- **Data under study**
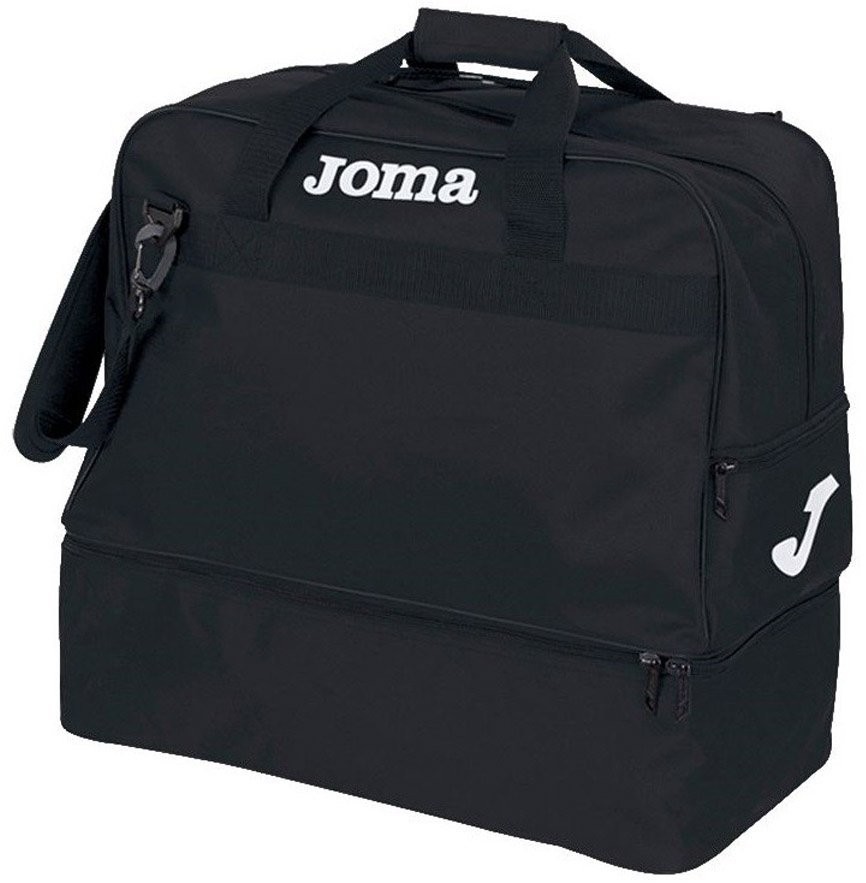 Joma Torba, Training 400006 100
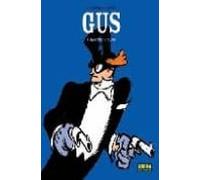 Gus 2. Bandido Guapo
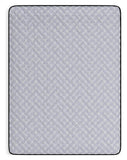 Anniversary Edition Firm Twin XL Mattress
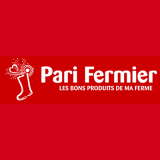 Pari Fermier 2021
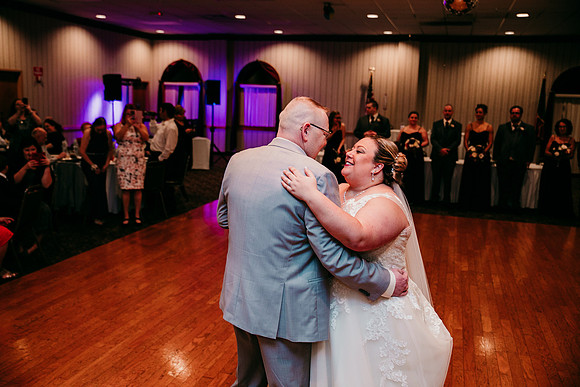 Reception2490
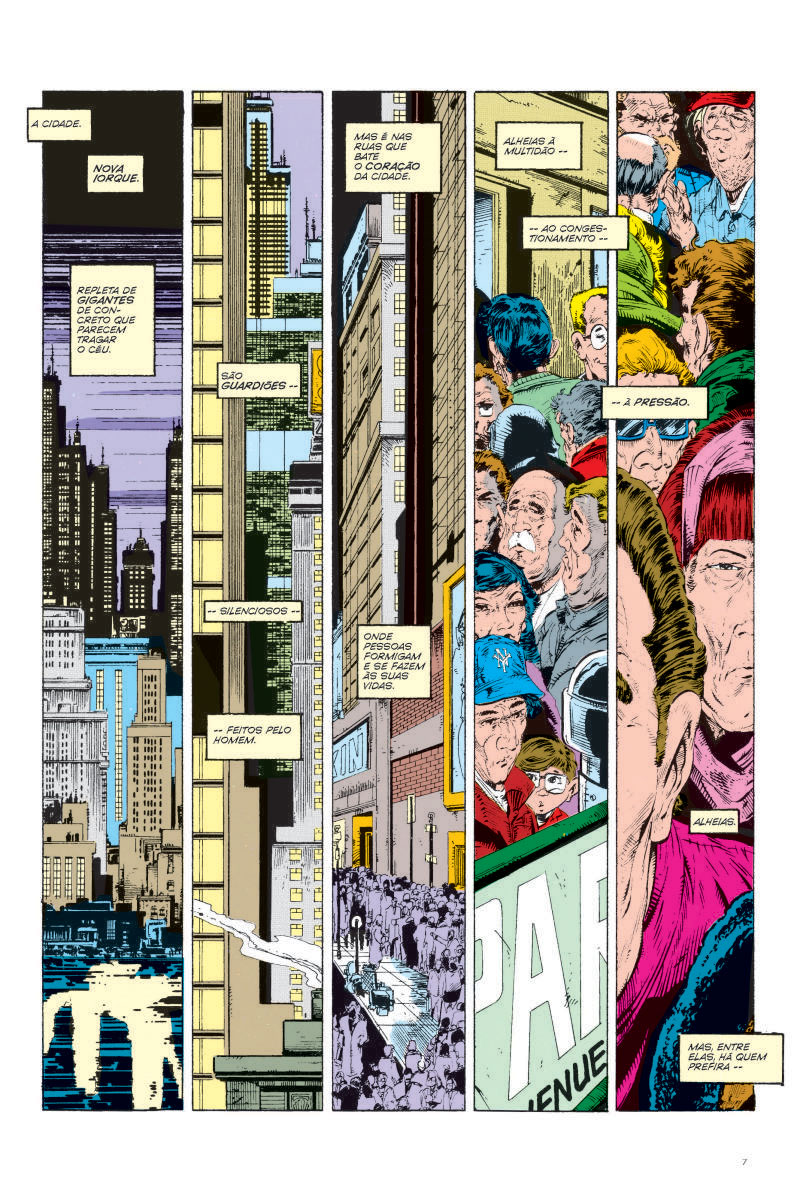 aranha-sample_page_1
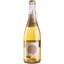 Игристое вино Costadila 280 slm 2019 белое брют 0.75 л - миниатюра 1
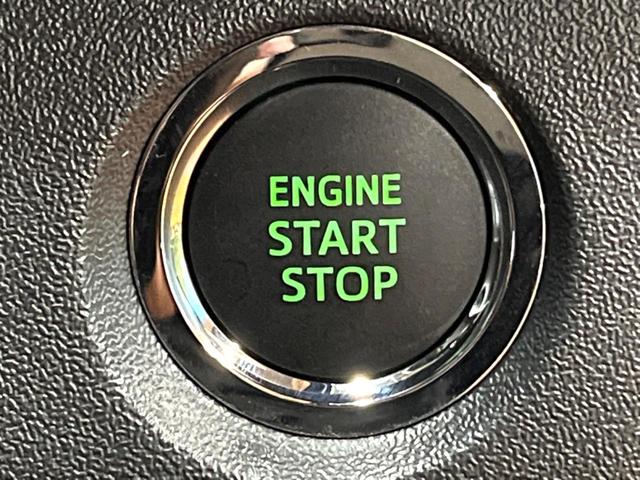 ハイエースバン スーパーGL ダークプライムII 後席モニター SDナビ 全周囲カメラ 両側パワスラ 禁煙車 フルセグTV 衝突軽減 LEDヘッド 純正15アルミ ハーフレザーシート 車線逸脱警報 オートハイビーム コーナーセンサー ETC2.0(43枚目)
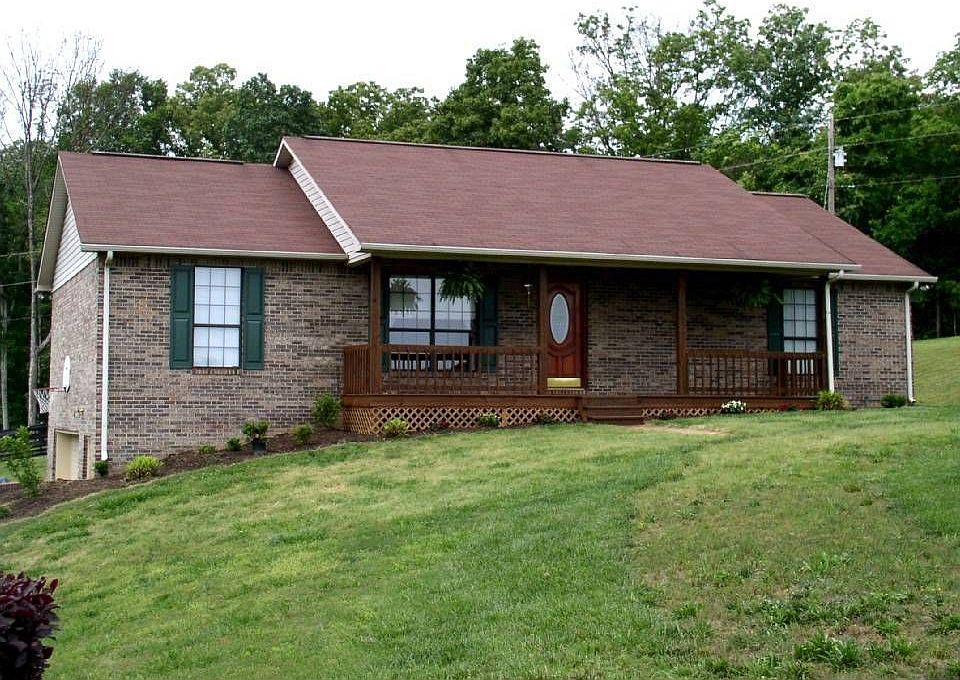 1st image of 1277 Hickory Ln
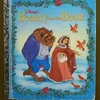 Beauty and the Beast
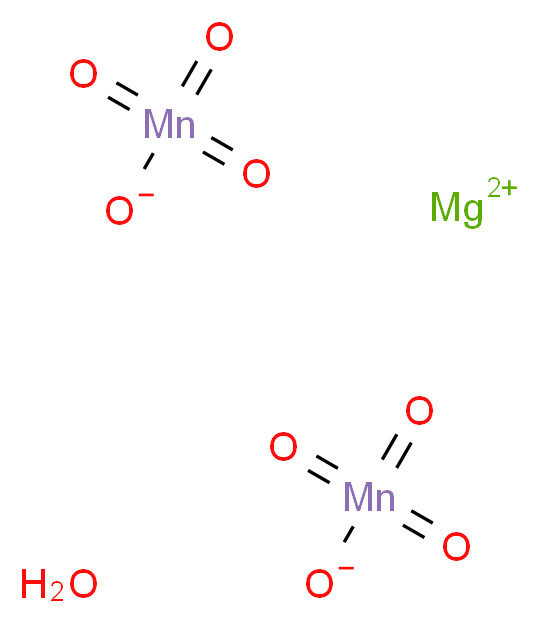 250578-91-7 molecular structure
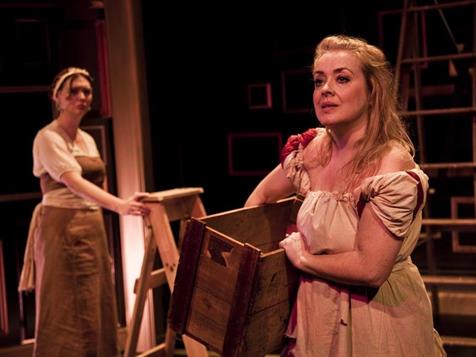 2-214541-Main-476x357-2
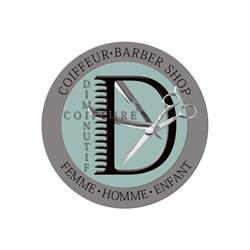 DIMINU-TIF, Sénas - Horaires d'ouverture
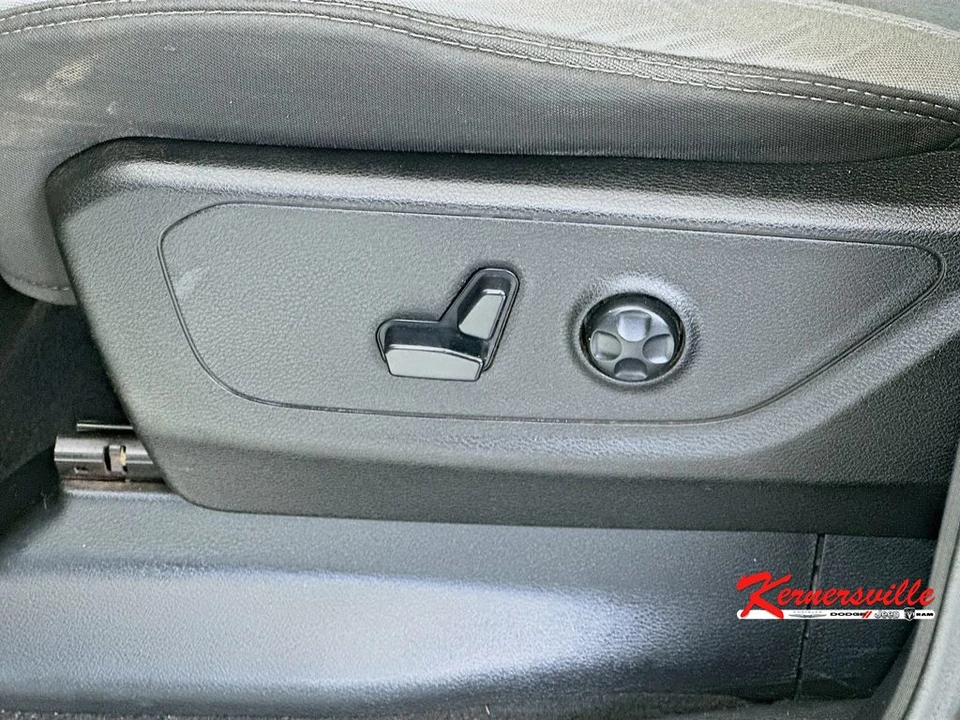 2019 Ram 1500 2nd Gen - Image 22 of 24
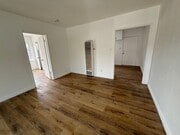 Photo - Foothill, 7424 Unit 7401 1/2 Foothill blvd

- **Problem description**
Every line between the one containing "Reception2490" and the last line of the data above, both included, should be copied exactly, but not the pictures.

- **Output of the exercise**
 Reception2490
 aranha-sample_page_1
 Игристое вино Costadila 280 slm 2019 белое брют 0.75 л - миниатюра 1
 ハイエースバン スーパーGL ダークプライムII 後席モニター SDナビ 全周囲カメラ 両側パワスラ 禁煙車 フルセグTV 衝突軽減 LEDヘッド 純正15アルミ ハーフレザーシート 車線逸脱警報 オートハイビーム コーナーセンサー ETC2.0(43枚目)
 1st image of 1277 Hickory Ln
 Beauty and the Beast
 250578-91-7 molecular structure
 2-214541-Main-476x357-2
 DIMINU-TIF, Sénas - Horaires d'ouverture
 2019 Ram 1500 2nd Gen - Image 22 of 24
 Photo - Foothill, 7424 Unit 7401 1/2 Foothill blvd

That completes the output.